Feryat yanıkları mahlemeden gelen celp gibiydi. İcabet etmeyenlerin üzerine uğursuz bir gümde ulaşmıştı.

İnsanlığın tepesindeki yargıçlar, balyoz misali indiler. Savcılar dünyayı suçlu bulmuş bomba misali üşüşmüşlerdi.İnsanlığın kalemi kırılmıştı bir kere geri dönüşümü olmayan bir durumdu bu. Hayat, onu kıranların gözetiminde hapisken barış devamlı taşlara takılıyor ve tökezliyordu. Yalpalaya yalpalaya giden adımlarına bir tekme yeterdi. Bu görevi gündönümünde üstlenenler oldu. Kara bulutların tekelinde satıhlar amansızca kavrulurken feryat figan ülkeden ülkeye savrulurken ‘sığınaklara gidin’ sirenleri insanlığı kurtarmak adına yeterli olmuyordu.

Mektubun yırtık parçacıkları tıpkı yarınların düşüşü gibi sisin gölgesinde tepeden aşağıya doğru süzüldü.

Duman, tüm şehri bir diktatör gibi demir yumruklarına almış viraneye dönmüş toprakları parça parça etmişcesine alaycı alaycı sırıtıyordu.

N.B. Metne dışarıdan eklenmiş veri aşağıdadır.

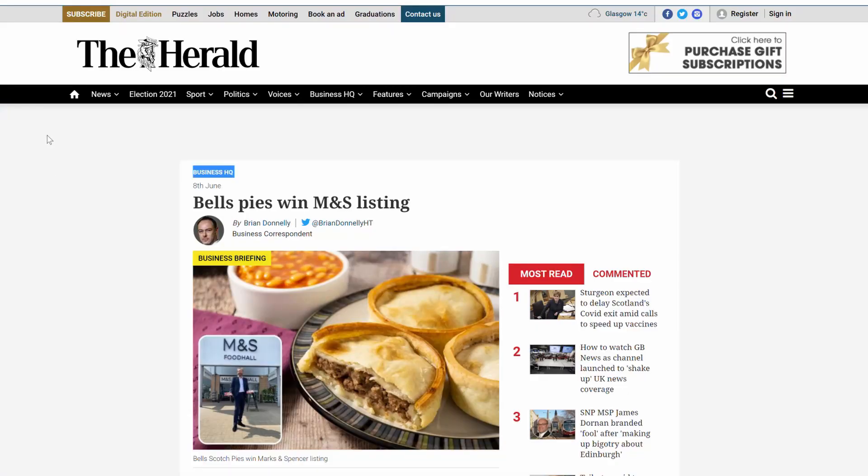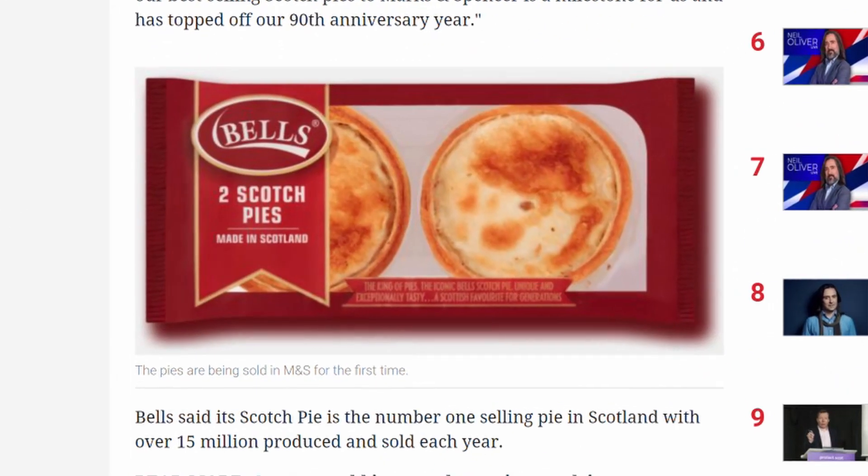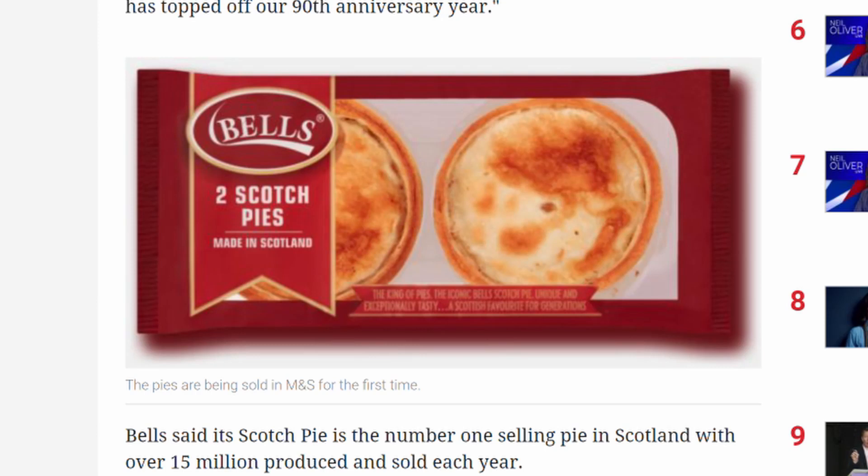A couple of food stories happened on Wednesday. One was the glorious news that Bell's Scotch Pies are now being stocked by M&S, or at least they're listed on the website. I had a thing about Scotch Pies about a month ago, and as part of that I did taste-test a Bell's Scotch Pie, and I've got to say I wasn't impressed. Maybe their version of Scotch Pie is an acquired taste, because my version is fantastic — but I am biased.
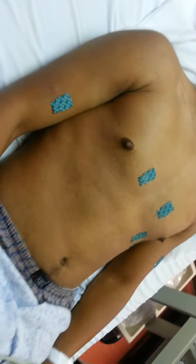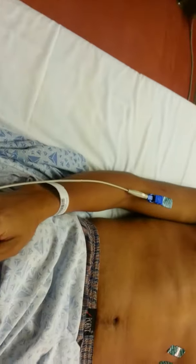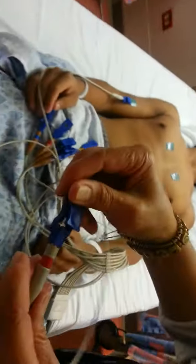The right leg goes here, then right arm — like this — right arm here. Left arm goes here, and this is the left leg.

Geçmiş neleri gizliyordu? Bunların izleri geleceği giyiyor muydu?

Gelecek adı konulamayan mezarken geçmiş ise adı konulan mezar taşıydı.İnsanların cesetleri topraklar üzerindeki matem çukurlarında yığın yığındı.

Dünyanın İncisi kederliydi.Yalnız insan misali kolları kırılmış,ayakları köprüleri gibi tutmazken saçları kan kırmızısına dönmüş gözlerinden ölüm pınarları akıyordu. Teni, acıdan açılmış mezarlarla doluydu.

Sivrisinek gibi olan vızıltılar, iki aşık kol kolayken güle oynaya koşarken bir ağacın arkasında ateş kusan canavarlar gibi bomba yüklü uçakların gürültüsüne dönmüştü. Dünya dar ağacındayken ipleri takanlar takılanlardı. Yargıçlar kalemi kırmıştı bir kere son isteğine gerek kalmamıştı.

Tarih neyi saklıyordu içinde? Geleceğe ışık tutuyor muydu? Tekerrürden ibarettir derler ettirenler kimlerdi?

Savaş,içi feryat dolu bir kuyuydu ve buraya çıkrığı koyanlar barış ağzıyla çığırtkanlık yapanlardı.

Geçmişe sırt dönmek geleceğe eyvallah demek mi? Karabasın tohumları geçmişte mi?

Hepsi bir kabustu aslında; hiç olmayacak kahve falları. İstanbul, uyandı kötü rüyasından ve sevgiyle adımladı.

Gelecek kuru boya kalemleri gibi renk renk. Geçmişinle düzle düzle çiz hayatın sayfalarını. Ya kalemin izleri pastelse.